Over the past 100 years, society’s support of people with developmental disabilities reads like a hike up Maslow’s Hierarchy of Needs. From institutions that were thought at the time to meet the basic physiological needs of food and shelter, to the reputed consistency and predictability of sheltered workshops, to focusing on developing healthy relationships through Circle of Friends and other programs, to personal achievement found in employment in the community, support has become more enlightened as society’s beliefs about people who have developmental disabilities have become more realistic. It is not surprising that people working to promote inclusion have started to focus on Self-Actualization, the peak of Maslow’s hierarchy of needs. Self-actualization, in the form of creativity, spontaneity, and problem solving, is a concept that should be woven into all the work we do in supporting people to live full and valued lives of their own choosing; it can also be addressed head on in projects that involve the creative arts.

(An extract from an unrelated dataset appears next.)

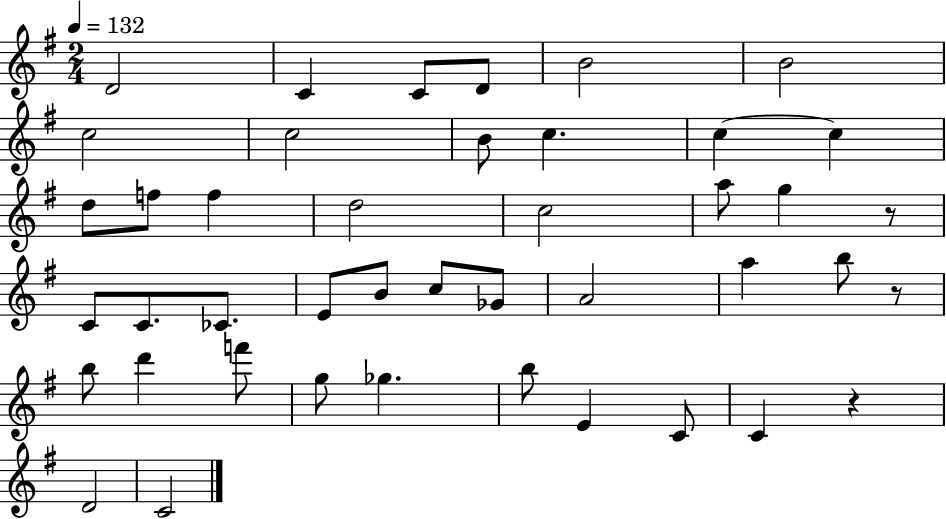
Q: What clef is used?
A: treble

Think about ways you feel self-actualized. It might be going to the opera; it might be meditating; it might be mountain-climbing. These are all activities that make people feel alive, feel human. They are activities where mundane worries go away and we focus on being in the moment, our senses and emotions intertwined. All people deserve to experience moments in their lives like these and we have a responsibility to make this so.
For many people, creativity in the arts is a way of finding value and meaning for themselves. Semiahmoo House’s annual Extravaganza demonstrates how the arts can have a deep impact on personal development and on the community at large. Having once had the responsibility of co-directing a high school drama production of The Breakfast Club, I can speak from experience when I say that the Extravaganza is an immense undertaking that requires collaboration between people with a diverse set of abilities. One of the things that makes a drama production so meaningful is this very teamwork: members of a cast must be open-minded and creative together for the project to succeed. Every Extravaganza I have attended (and I have attended every Extravaganza) has been wildly embraced by members of the community who make up the audience and has demonstrated achievement and self-actualization for the performers and production crew.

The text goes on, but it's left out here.